I do not have much experience with lodge owners or outfitters since I have never gone that route. However, the town that we stay by is full of friendly folks, true Ontario folks and not Americans running a business up there.

So until I can find a lake south of the border (in a reasonable driving distance) that I can spend all week with only a couple of other boats (if any) in view then I will continue to look forward to our annual trip.


----------



## ocala (Jan 30, 2005)

While 6 fish for 6 guys in a day is depressing for Canadian lake, you didn't give yourself a fair shake by leaving 2 days early.


Jim the trip was only scheduled for 4 days. Too short for me but with 6 people we had to jugle schedules.
As for the fishing I think I finally figured it out on the 3rd day. The whole time Glenn was saying fish deep with a jig and worm and you can't go wrong. Well every trip to Canada I've made I have always fished shallow weedy water close to deep water when targeting pike. I have always had success doing that so I wasn't going to change. The first two days I threw nothing but spinnerbaits and spoons. Casting way back in the weeds and retrieving it out. I had success but they were all small. On the third day I figured out that a chartruse skirt was the key. I put a number 8 willow leaf blade on my spinner bait (blade is about 4 inches long) and conjunction with the skirt I caught some bigger fish, not the small 15 incher's. I think if I had a couple more days I could have got some big fish. The lake does have some nice weedy area's by deep water but I just ran out of time.
As for the argument that fishing Erie is better than going north I say no way. I have done 4 fly in trips to Ontario and the fishing was always fantastic. You have to do your homework in regard to completly checking out the lake you want to fish. There are lakes where you will catch alot of fish but most will be small. Then there are lakes that have mostly big fish but you will catch less. Granted you have to pay extra for the fly in but its worth it to me. I also like the peace of mind of being in the middle of nowhere. 
The next lake on the radar is a lake the Canadian government just opened last year. Its called Rainy Lake. Its a little northwest of the Minnesota border and only 1 outfitter fly's into it right now. Its full of smallmouth that haven't seen to many lures. The outfitter told me he landed on the lake and fished it from the pontoons of the float plane.
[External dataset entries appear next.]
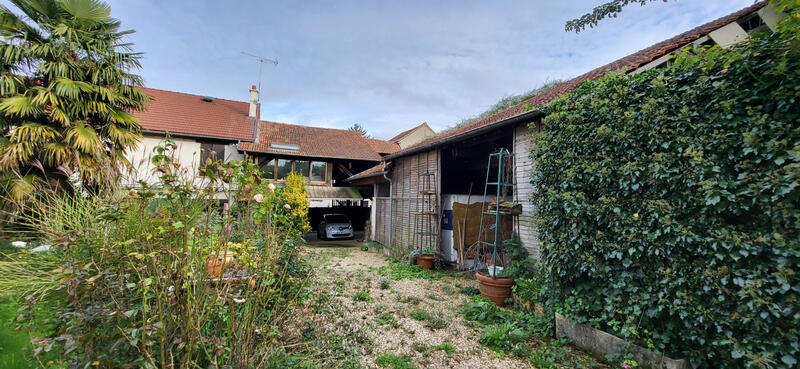 Maison - 185 m² - 7 pièces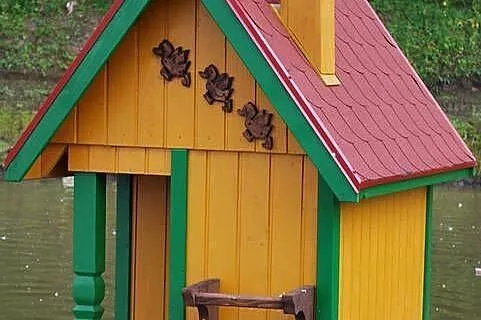 Domek dla kaczki drewniany schron budka dla kaczek i łabędzi, Podkarpackie, Przemyśl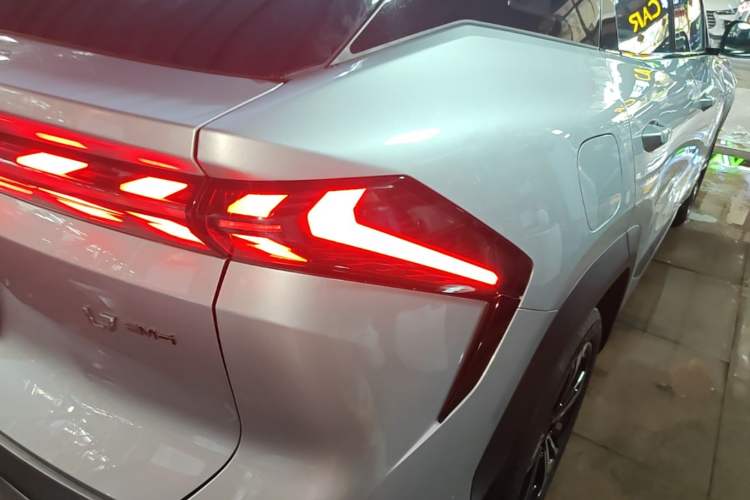 Used Geely Galaxy L7 2025 EM-i 115km Exploration Edition Right Rear Taillight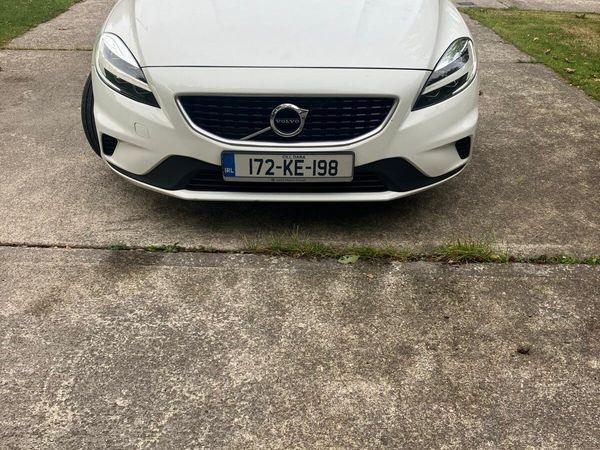 Volvo V40 Hatchback, Diesel, 2017, White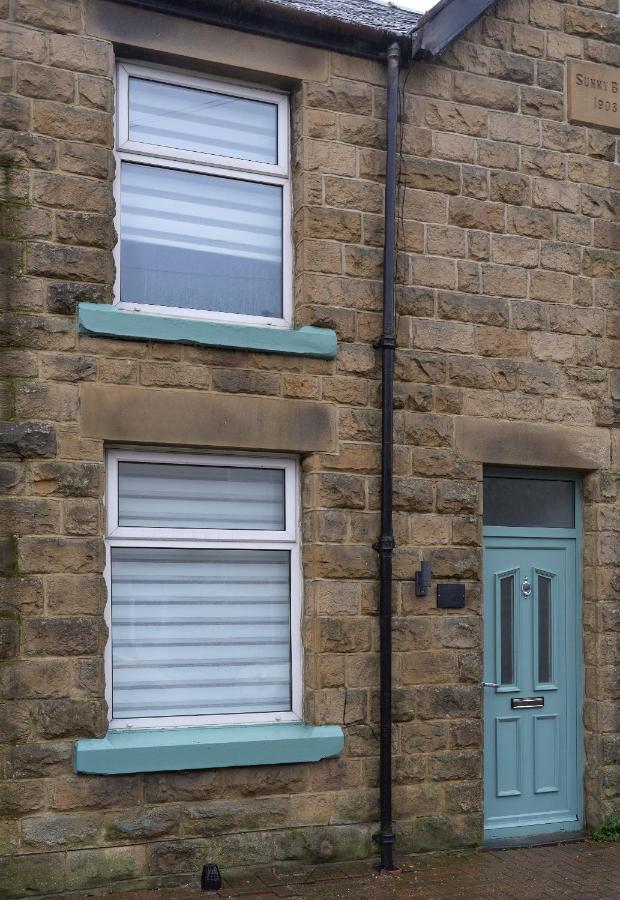Cosy 2BR Cottage Steps to Town & Peak District - Bed and Breakfast Fairfield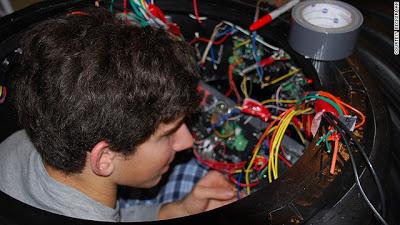 ESTUDIANTE DE SECUNDARIA CONSTRUYE SUBMARINO CON 2.000 DÓLARES ESTUDIANTE DE SECUNDARIA CONSTRUYE SUBMARINO CON 2.000 DÓLARES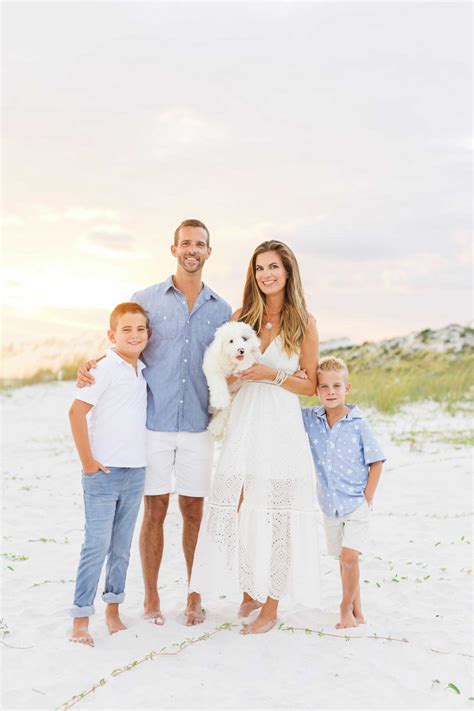 Family beach photos outfit ideas 2021 – Artofit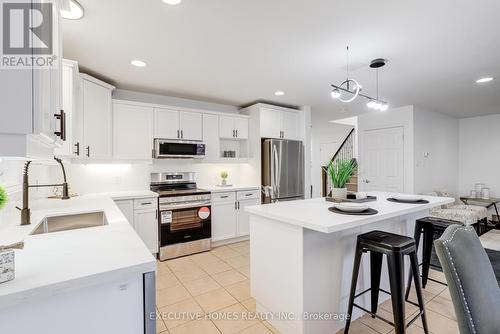 5 Havenwood Lane, Middlesex Centre, ON - Indoor Photo Showing Kitchen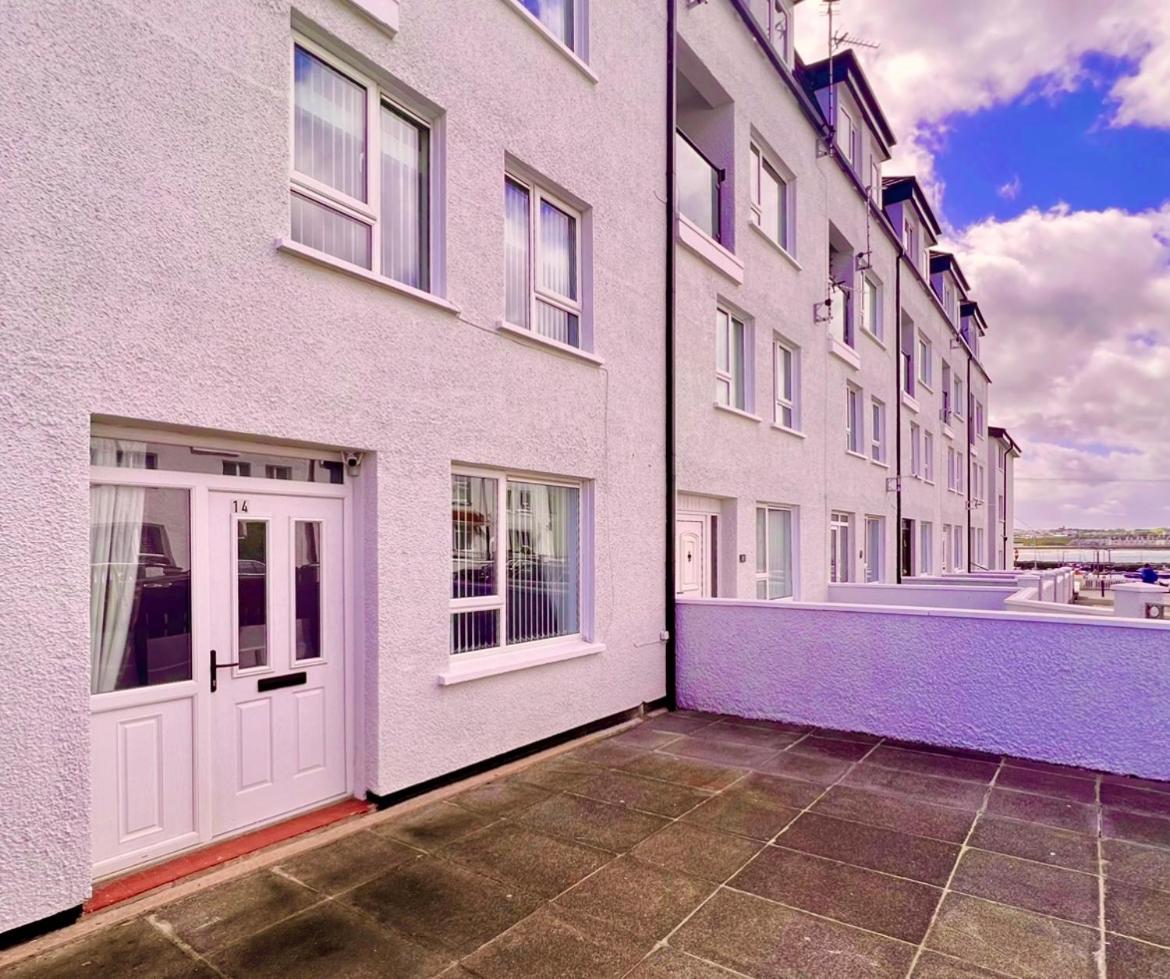 Number 14 Self Catering, Portrush, Northern Ireland - Housity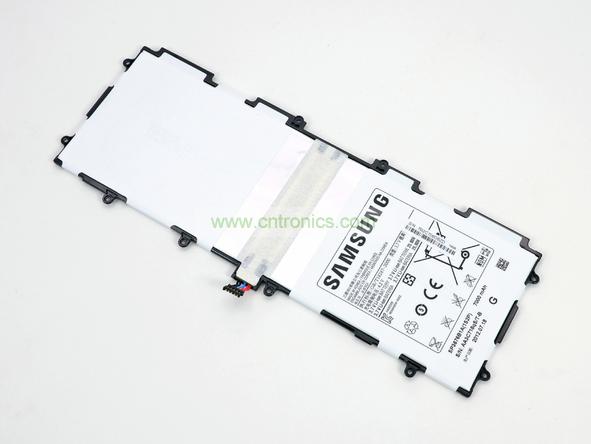 取出電池前要把周圍的帶狀電纜先拔出來，這個比較容易。Galaxy Note 10.1的電池容量為7000mAh,3.7V，預(yù)計續(xù)航時間8小時左右，重約136克，占據(jù)了整體重量的23%。不過為了減少機身厚度，電池做得很薄。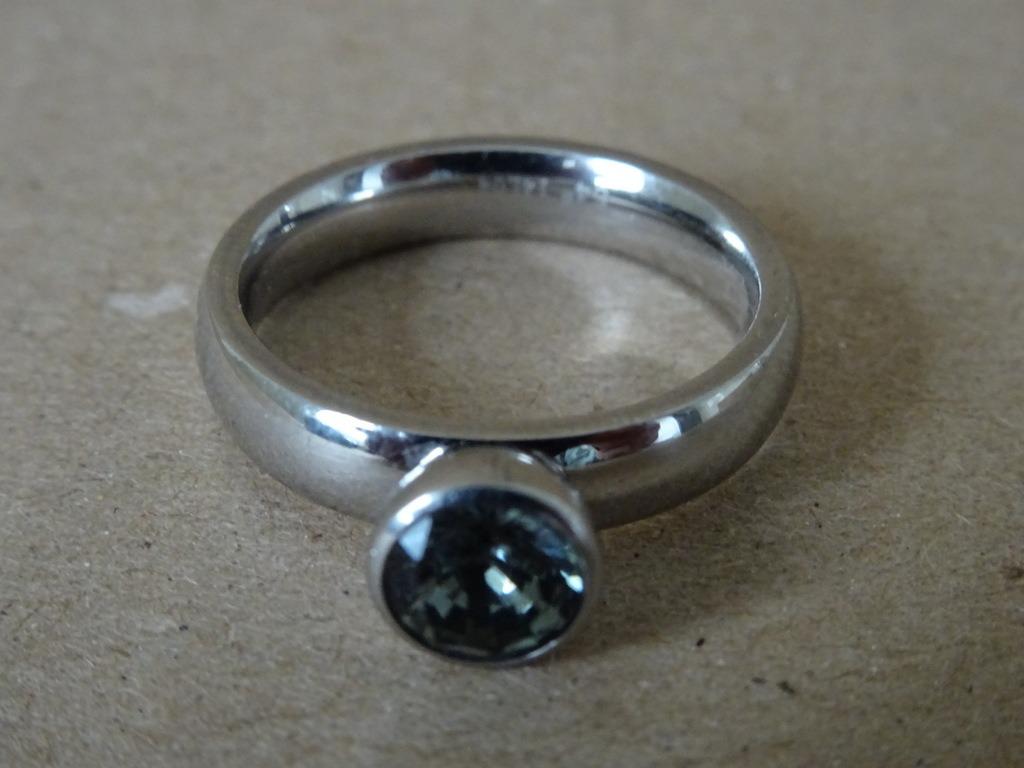 Ring Melano ring met steentje ring MelanO Jewelry ring 1990, Gebruikt, IJzer of Staal, Ophalen of Verzenden, 17 tot 18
Him, his wife, and 2 boys caught 64 smallmouth up to 5lbs in two and a half hours. He said the fished averaged about 3 and a half pounds. Problem is he's pretty exspensive but I may save up some money for a couple years and check this place out. You only live once, and for me atleast going up to Canada is the best place to fish.


----------



## ohiojmj (Apr 16, 2004)

The spinnerbait or inline spinners (mepps #5, white, yellow or chartruse bucktail) worked well for the few times the clouds came out, the damn hot clear weather went somewhere else, the wind mixed the water up a bit, and the surface temps dropped to mid 70's in shallow . As I continued to rest from two weeks of vacation just past and contemplate the repair to the 10" crack in my aluminum boat, CNN reported last night that all time record heat has been hammering Toronto and Canada, so the usual spinnerbait in the weeds was doomed by the heat wave of the century (like 1988 for northeast Ohio) with shallow water just too hot. I was shocked at the high temps in Lake Remigny since I witnessed mid 60's last year just a week earlier and low 70's the year prior.

Glenn has always suggested jigs/worms as the cure-all, but that is very dependent on knowing the honey holes with a strong desire to sit still. With hot water conditions of summer, i'm sure he's right about the big pike being deep; we caught a 19#er along a steep dropoff in 10' near 50' by the island with swing near the first narrow. With 3 teens in my boat for a week, sitting still and quiet is impossible, trolling is a challenge, and casting is their desire (must be doing something) yet dangerous.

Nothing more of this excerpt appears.